Photo by J. Meric/Getty Images
|2010-2011 regular season||Ryan Anderson|
If someone asked you who the second-best player for the Orlando Magic was this season, you’d have to think about the question. Right?
In theory, it should be Jameer Nelson.
Nelson’s career year in 2009, in conjunction with his performance in the 2010 NBA Playoffs, reveals someone that is an All-Star caliber point guard when he’s on top of his game. Of course, “when he’s on top of his game” is a phrase which implies that Nelson isn’t always on top of his game, and thus it makes it tricky to label him the second-best player for the Magic because consistency comes into question and great players are usually consistent. That’s partly why they’re great.
So if Nelson isn’t the “Robin” to Dwight Howard‘s “Batman,” a terrible analogy and cliche but let’s go with it for a few seconds, then who is?
It’s certainly not Hedo Turkoglu or Jason Richardson.
The mere fact that Brandon Bass‘ name gets mentioned really shows the dearth of talent on Orlando’s roster.
Surprisingly enough, more so to those that don’t follow the Magic on a daily basis, the answer to the opening question is probably Ryan Anderson. It might seem silly to suggest that after Howard, Anderson was the second-best player for Orlando this year, but it gets less sillier to think about when looking at the numbers.
|adj. +/-||net +/-||stat. +/-||PER||WARP||Win Shares/48|
At the very least, if people want to argue the definition of “best” or this and that, there’s no arguing the fact that Anderson was the second-most productive player in head coach Stan Van Gundy‘s rotation. When Anderson played, he produced, and there’s nothing more to it than that.
Anderson represents the remnants of the Magic at their peak in 2009 and 2010, when they surged into the NBA’s elite thanks in large part to a 4-out/1-in offensive philosophy that befuddled most teams in the league. Like Rashard Lewis, Anderson is a stretch four that creates matchup problems because of his ability to spread the floor and shoot threes with proficiency. At its essence, that’s what makes a stretch four a stretch four — three-point shooting ability. And because Anderson is a good three-point shooter, it makes him an extremely efficient player on offense and that’s a skill that’s always valuable in the NBA.
In fact, on the offensive side of the ball, Anderson is a player that the analytics community raves about.
Well, on offense, the three most efficient shots on the court are the layup/dunk, free-throw, and three-pointer. Long two’s from 16-23 feet are frowned upon, though it’s understood that if you shoot them efficiently enough (someone like Dirk Nowitzki immediately comes to mind), then it’s okay. If you look at Anderson’s shot distribution this season, and pretty much for his career, you’ll notice that he gets a majority of his points in the aforementioned three most efficient ways.
From a productivity standpoint, it’s hard not to like Anderson.

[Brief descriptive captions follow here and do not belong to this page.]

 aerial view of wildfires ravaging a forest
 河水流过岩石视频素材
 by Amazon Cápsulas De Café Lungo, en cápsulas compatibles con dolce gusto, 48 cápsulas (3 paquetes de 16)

Anderson’s True Shooting percentage flirted around 60 percent for the season, which is excellent for a perimeter-shooting big man. Anderson was also an above-average rebounder among power forwards, with his specialty coming more so on offensive rebounds. More importantly, Anderson rarely turned the ball over, with a turnover rate of 7.8 percent, which aided in his efficiency because he wasn’t wasting many possessions offensively. That was the good.
But Anderson isn’t without his flaws.
Defense can be a bugaboo for Anderson at times, more so on the individual level rather than with team concepts. When Anderson is checking a player one-on-one, he still can get overpowered on the low block. Strength should be on Anderson’s checklist of things to improve during the offseason, though he does make up for his weakness sometimes with his ability to draw charges. Anderson can get beat off the dribble too many times as well, given that he’s lacking for athleticism and lateral quickness in that regard. Likewise, Anderson usually does the job defending pick and rolls, in terms of showing properly, but every so often he’ll blow coverages and he’ll earn an earful from Howard because of it. All of this isn’t meant to imply that Anderson is a liability on defense, per se, but there are natural limitations that need to be taken into account when evaluating what he can and can not do.

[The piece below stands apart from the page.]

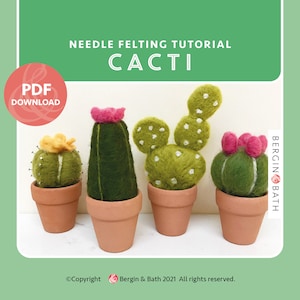 PDF pattern. Needle felted cacti tutorial. Instant download
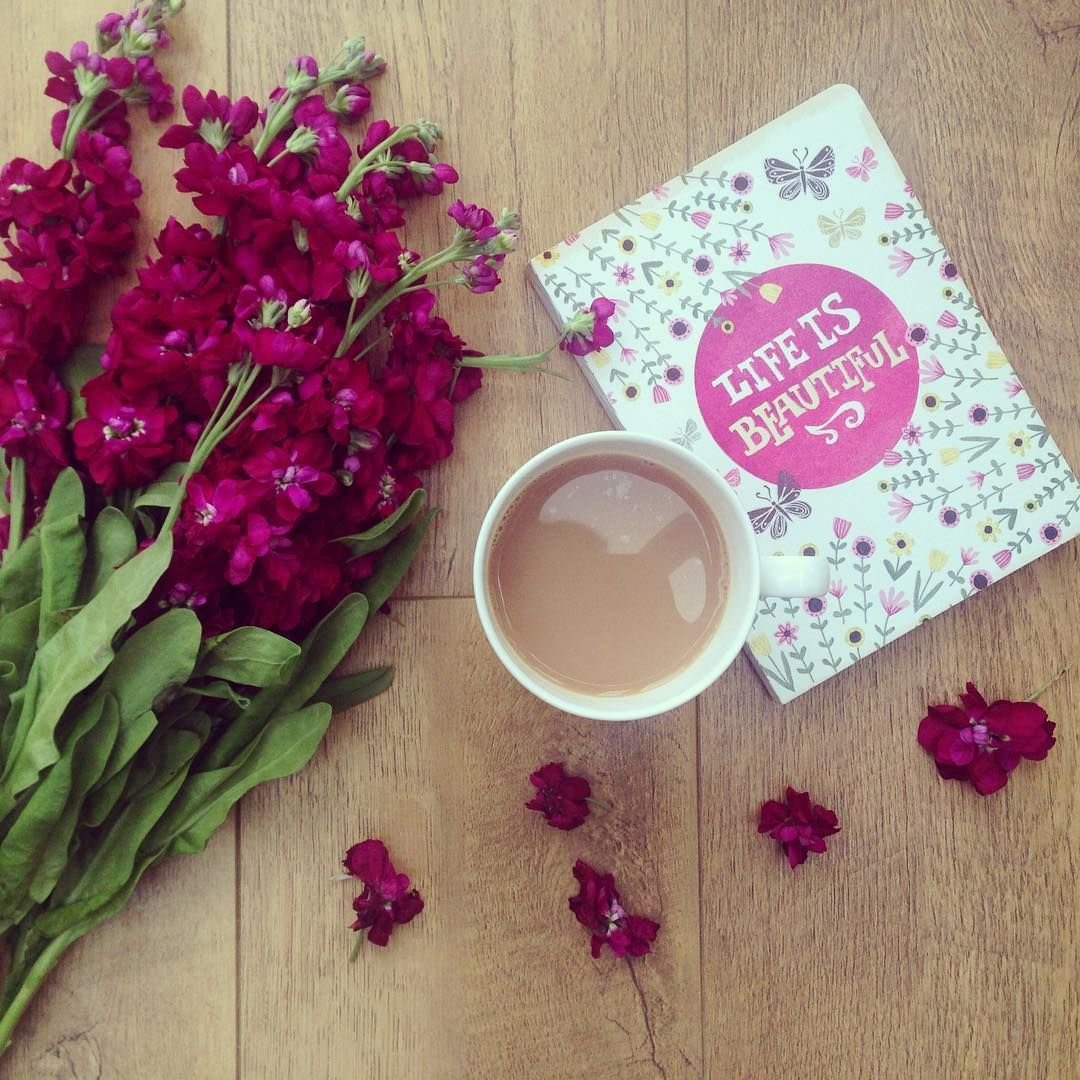 Добрые пожелания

Overall, given that Orlando is in need of change almost everywhere on the roster, is starting Anderson a viable option? No, it’s not.
Anderson is more of a starting-caliber player than Bass. But it’s no coincidence that the Magic were a better team defensively when Bass was on the floor as opposed to Anderson. Bass is a better defender, even though it’s pretty safe to say that Anderson is the better player overall.
If Anderson can improve defensively and add a little more variety to his offensive repertoire, more so with his low-post game than anything else, than it’s a possibility he could start alongside Howard in the frontcourt.
But for now, Anderson is a reliable role player and nothing more.